(Data segment):
● ● ● ●
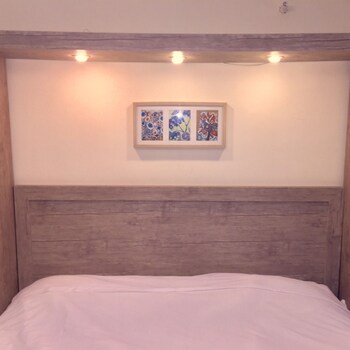 the royal luxury apartments and studios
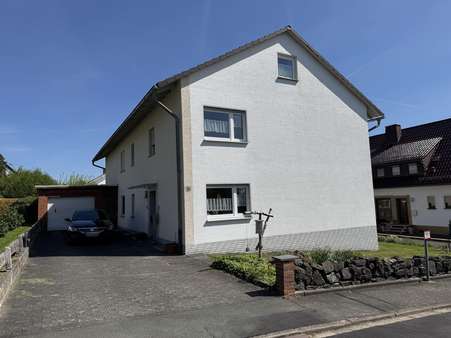 Zweifamilienhaus in 35108 Allendorf mit 260m² kaufen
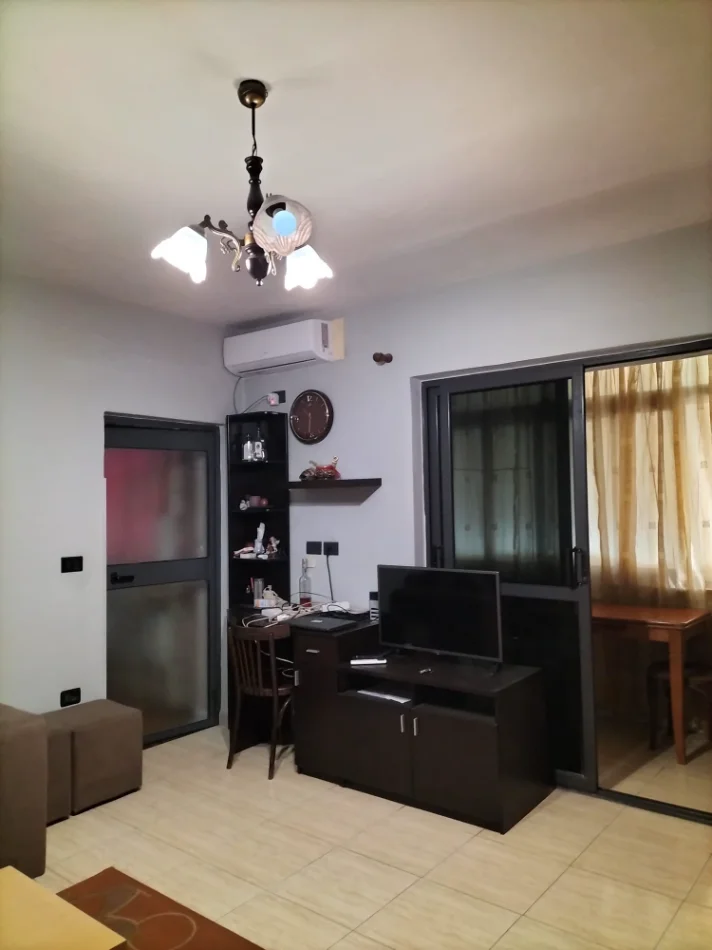 Tirane, jepet me qera apartament 2+1+Ballkon Kati 4, 85 m² 600 € (Shkolla e Kuqe/)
● ● ● ●
(What the task requires): The reply should consist of the listing restated word for word, with its pictures removed.

(Task output):
 the royal luxury apartments and studios
 Zweifamilienhaus in 35108 Allendorf mit 260m² kaufen
 Tirane, jepet me qera apartament 2+1+Ballkon Kati 4, 85 m² 600 € (Shkolla e Kuqe/)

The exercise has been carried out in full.